クマに遭遇した時、命を守るために必要な対応について、特定非営利活動法人「日本ツキノワグマ研究所」の米田一彦さんに聞いた。
クマはもう少しで冬眠ですが、雪が降る前、気象が悪くなる前に動き回って餌を捕るため、今かなり活発に動き回っていて、そこで衝突が起きているので、十分注意が必要です。
クマを見たら、木に隠れるというのが私のやり方です。 隠れて動かなければ、クマは無害なものだと思い、無視して行きます。 クマは深視力、深く見る力が弱いようで、前後の動きは距離感がつかみにくく、あまり見えていませんが、左右に動くと発見されやすくなります。 だからクマからは遠ざかるのが一番です。 左右に逃げては絶対にダメ、そして山では足場を確保する。ひっくり返ると人間が小さくなった弱い動物だと思って、攻撃してくる率が高くなります。
3000件近くの事故を知っていますが、何をやっても完全というのはなくて、一番最強のクマスプレーであっても9割は助かるけど、残りは事故になることがアメリカの調査でわかっています。
しかし、ひとたびクマに体当たりされたら致命傷は避けられないという米田氏。 まずは、伏せて一撃目をかわすことが重要だと指摘する。
一方、危険を減らすためにも、鈴を付けて歩き、クマを目撃したら鈴を鳴らして周りに知らせることが大事です。鈴は安価で一番効果があります。
出典:Yahooニュース FNNプライムオンライン 2022/12/20記事より一部抜粋
流石は米田さん、勉強になります。
ただし今回のケースでは、不意打ちだったと思うので、伏せるとか後ずさりするといったリスク回避は不可だったと思います。
しかしながら、熊鈴は付けていたのだろうか・・?
熊鈴を着けていれば、先にクマに気づかせて逃がすことができていたかもしれない。
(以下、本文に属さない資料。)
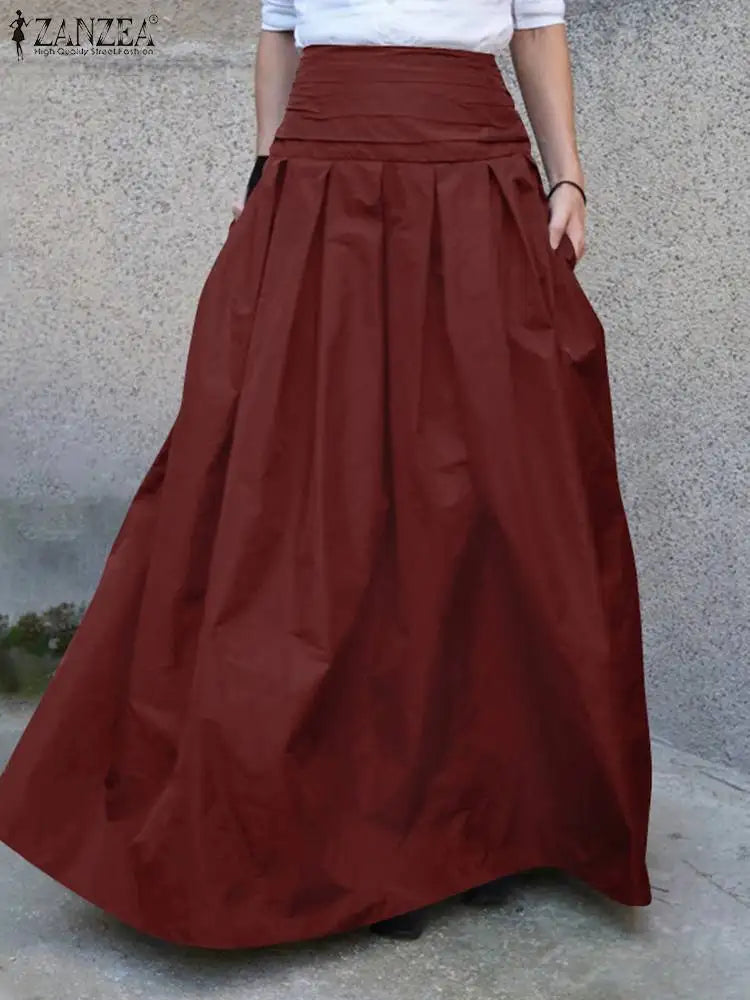 ZANZEA Fashion Women Summer Long Maxi Skirts Vintage Casual Loose Faldas Saia Robe Femme High Waist Solid Skirt Jupe Party Skirt
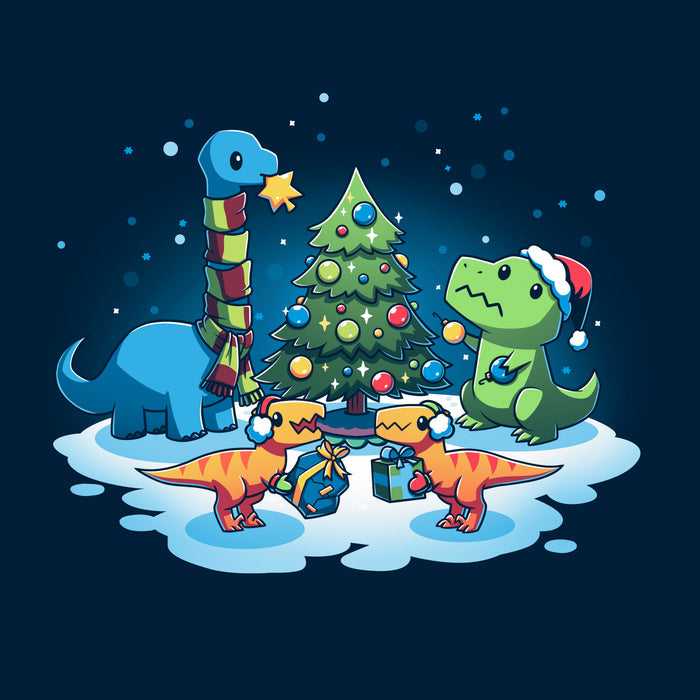 Classic Cotton T-shirt_TeeTurtle navy blue A Very Dino Christmas featuring dinosaurs celebrating around a decorated Christmas tree with snow on the ground and dinosaurs holding presents.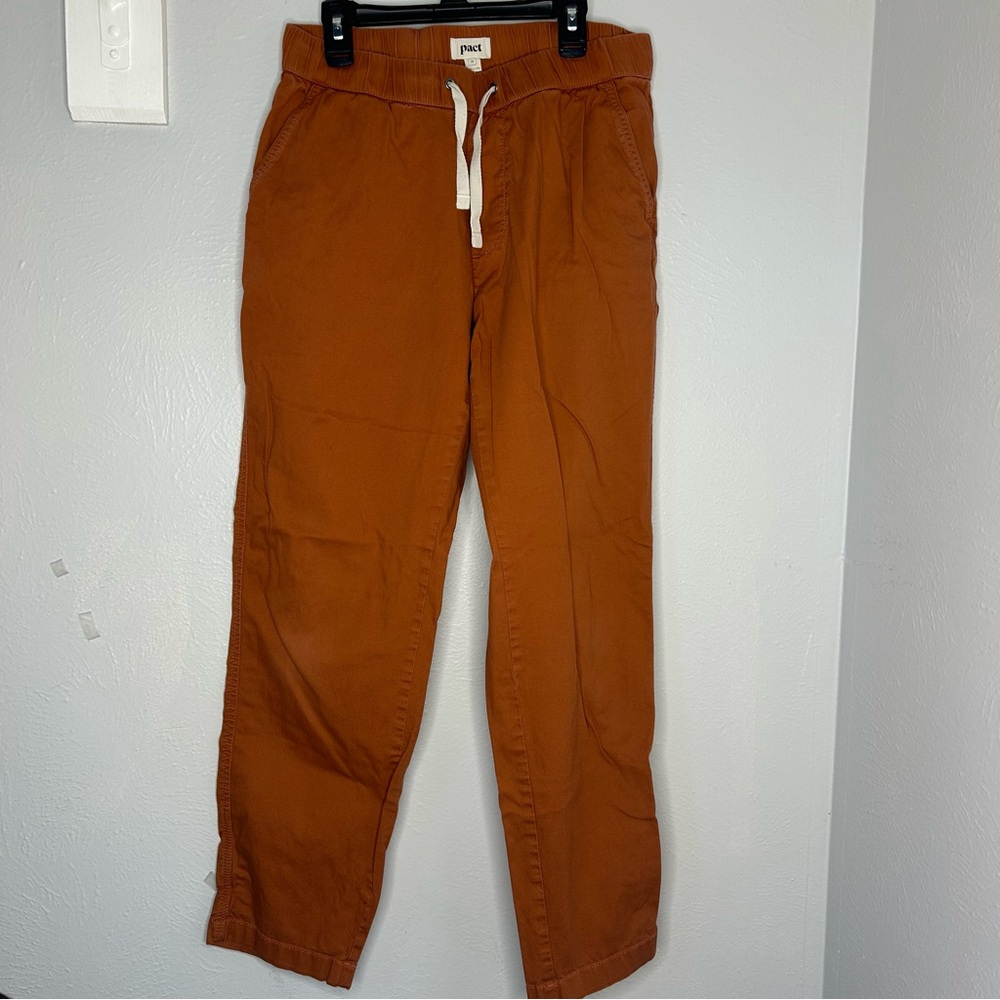 Pact Women's Daily Twill Straight Leg Pants in Rust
つまり、先ずは熊鈴です。
このブログでも、熊の生息する山域で登る場合は再三、熊鈴を着けるようにアドバイスしている。リスク回避の第一歩である。
米田さんの記事から私が重要に感じたポイントは2つ。
熊鈴の他には、「山では足場を確保する」というコメントだ。
これは、比較的新しいけど世界中の方に閲覧されている超有名なYoutube動画。
秩父の二子山でツキノワグマの不意打ちを受けるという内容になります。
ショッキングで閲覧注意。
この方は、体当たりされるものの、致命傷を避け、足場をしっかり確保した上で、地の利を生かし、最終的には撃退に成功している超貴重映像です。
この高度感から、最悪は本件ニュースのように、数十メートル転落もあり得たケースだったかと考えられる。
ほぼ群馬側の埼玉ですがこのエリアも熊が出ますよね。
近くの両神山には今年、2回ほど予定をしているので気を付けたいと思います。
いかがでしたでしょうか。
今回は、熊に体当たりされ崖から落ちたニュースについて、徹底考察してみました。ではまた!